China's leaders have thrown in the towel. Yep, they've decided to go for growth now and let reforms wait.
Remember all that rhetoric about the need to move China's economy away from export-driven growth and toward domestic, consumer-driven growth? Forget it.
Remember the pledges not to repeat the infrastructure and industrial spending that rescued the Chinese and global economies during the financial crisis in 2008? Toss 'em in the trash.
Remember the efforts to dampen-real estate speculation, and to cool China's overheated real-estate sector? Stamp them “rejected.”
A Reaction to Slower Growth
China's leaders have read the official numbers that show China's economy slowed to a 7.6% annual growth rate in the second quarter of 2012.
They've looked at the unofficial numbers—things like electricity consumption—that strongly suggest the official growth numbers are significantly overstated. And they have read the projections from the International Monetary Fund and others that Europe's slowdown will be even more pronounced than expected in the second half of 2012, and the recovery in 2013 anemic.

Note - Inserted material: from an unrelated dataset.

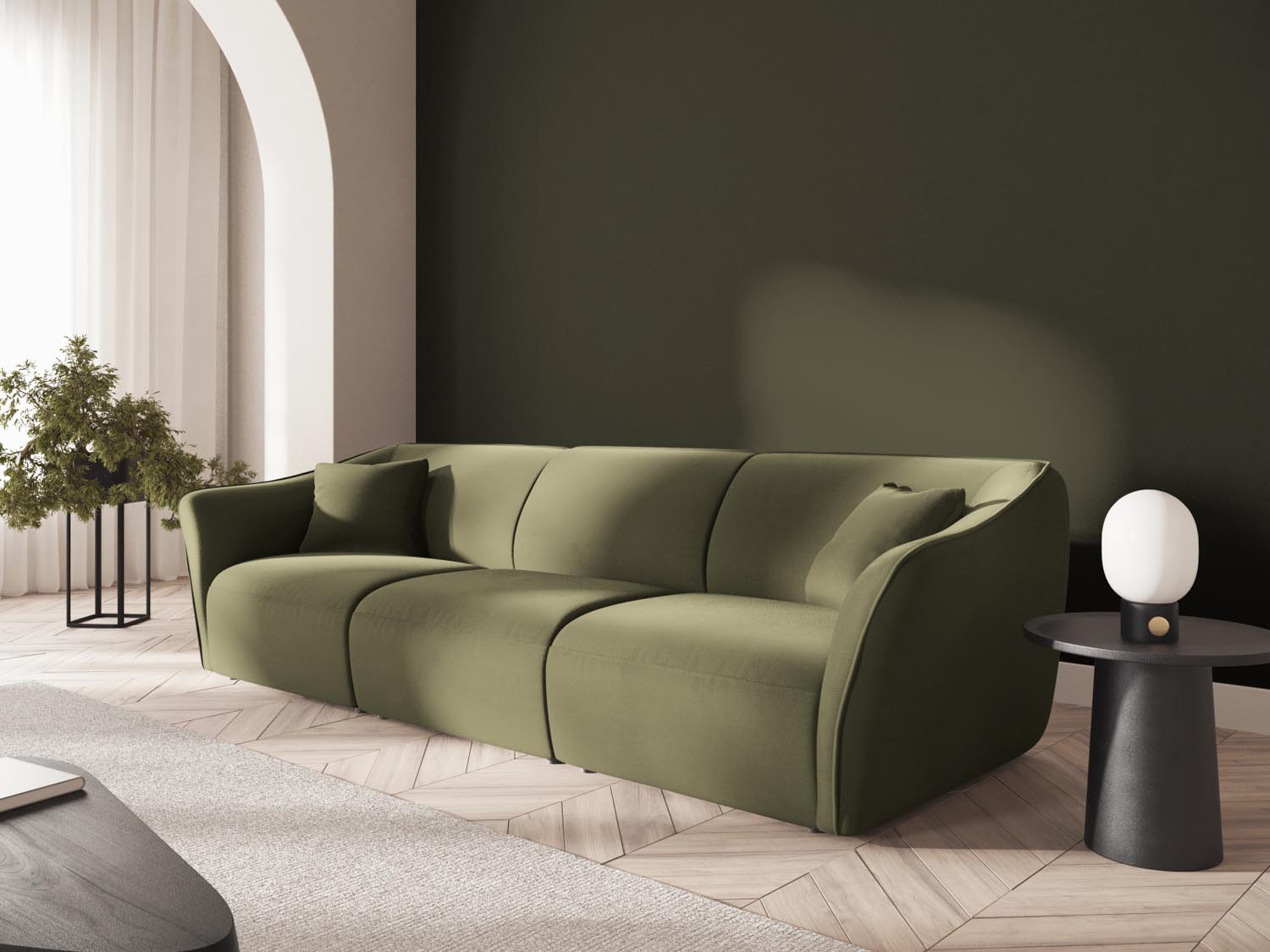 Tokyo Velour Modular Sofa 5 Sitzer in Light Green präsentiert im Onlineshop von KAQTU Design AG. 5er Sofa ist von Cosmopolitan Design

They've decided that the risk to their control of China is just too great. The implicit bargain between China's leaders and the Chinese population is that the Communist Party will deliver economic growth and a rising standard of living. That remains the government's priority. Reform of the country's economy will just have to wait.
Without fanfare, without any of the hoopla that accompanied the stimulus flood of 2008, without even a clear reversal of former rhetoric, China's leaders have gone back to the tried-and-true playbook. China has once more embarked on an investment-driven, infrastructure-heavy, government-financed effort to stimulate the economy.

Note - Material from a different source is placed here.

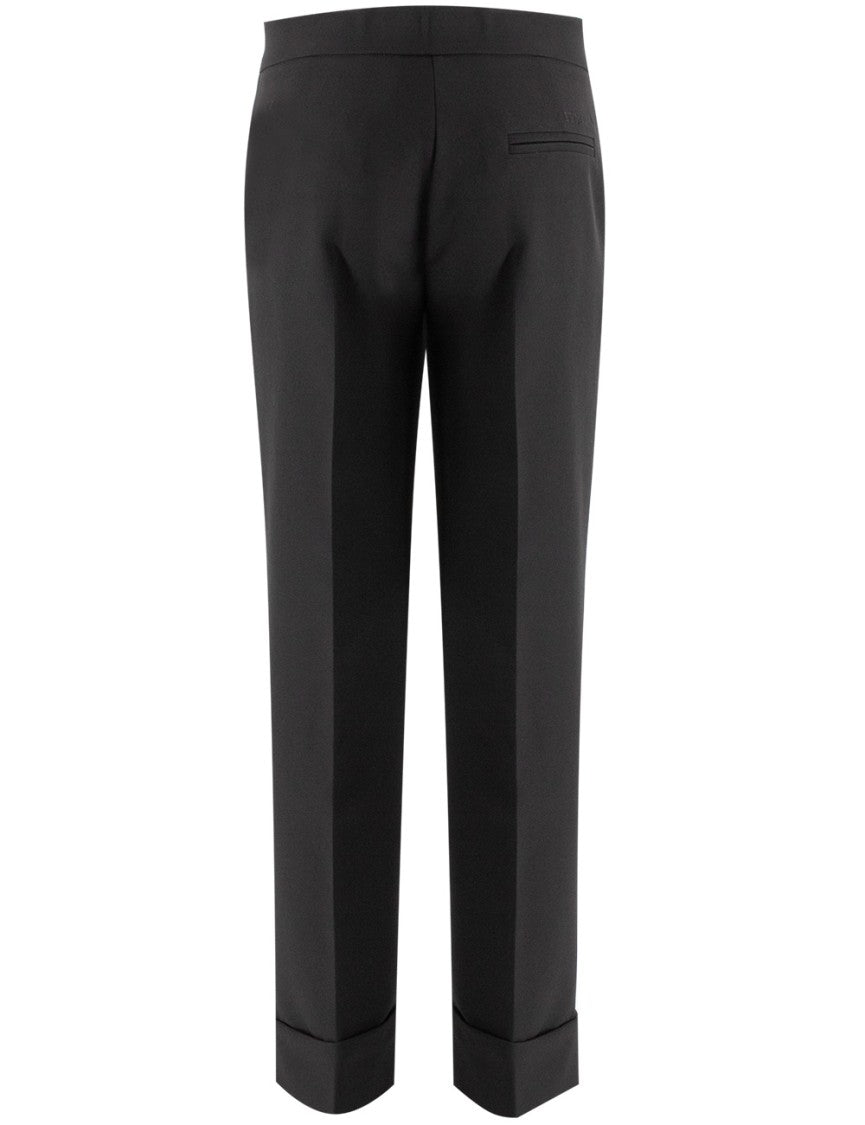 Ermanno Firenze Tailored Black Trousers With Wide Hem Lapels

In the short run, I think it will work. Growth will rebound in China, and that will push growth higher in the global economy, too.
In the long run, though, it will leave in place all the inefficiencies and misallocations that the now-abandoned program of reform was supposed to address. The fix has been put off to another day.

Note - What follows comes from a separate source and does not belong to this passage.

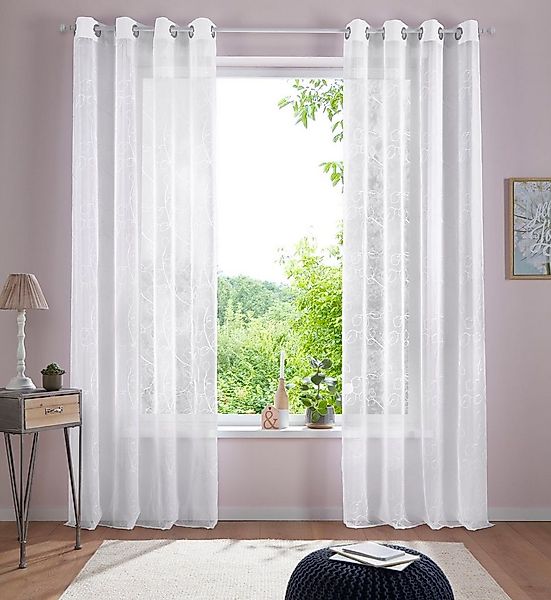Home affaire Gardine Adele (1 St), Ösen, transparent, Voile, transparent, m günstig online kaufen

China is hoping that the problems won't be much worse by the time it is ready to deal with them. But I think down the road, it will be just that much harder for China to tackle its fundamental economic problems, from a crony-favoring banking system to zombie state-owned enterprises.
Reading the Tea Leaves
What has happened in the last few weeks to convince me that China has made this huge shift in policy—without a major policy announcement? Take a look at two important indicators: airports and railroads.
On July 12, the Web site of China's State Council reported that China will increase spending on construction of airports and other air-travel infrastructure. The statement was the second recent official notice of the government's intention to increase spending on air-travel infrastructure.
On June 11, the head of China's Civil Aviation Administration, Li Jiaxiang, told the online version of the People's Daily that China's major airports are now running at full capacity, and that China will build 70 new airports and renovate or expand 100 existing airports. That's a big increase from the plans for 45 new airports within five years announced in 2011.
On July 17, a document posted on the Web site of the National Development and Reform Commission's Anhui office reported that the government had increased its investment goals for China's railroad system by 9% from the previous 411.3 billion yuan ($64.5 billion) total. Full-year spending will climb to 448.3 billion yuan. That would require about 300 billion yuan of investment in the second half of 2012, up from 148.7 billion yuan in the first half of the year.
I think this expansion in railroad spending takes an ax to the argument that China wouldn't be able to pursue a 2008-style stimulus package because the country's banks, local governments, and government ministries have taken on too much debt.
The new railroad spending total was preceded by a huge increase in the debt ceiling at China's deeply indebted Ministry of Railways. In February, the Ministry of Railways was brushing up against a ceiling that limited its debt to 40% of its assets. That limit would have allowed the ministry to issue just $2.1 billion more in bonds.
But on May 29, the State Council approved a proposal by the National Development and Reform Commission to increase the debt limit to 100% of the Railway Ministry's assets from the previous 40%.
It sure doesn't look to me as if the debt already on China's books will keep it from being able to stimulate its economy the way it did in 2008.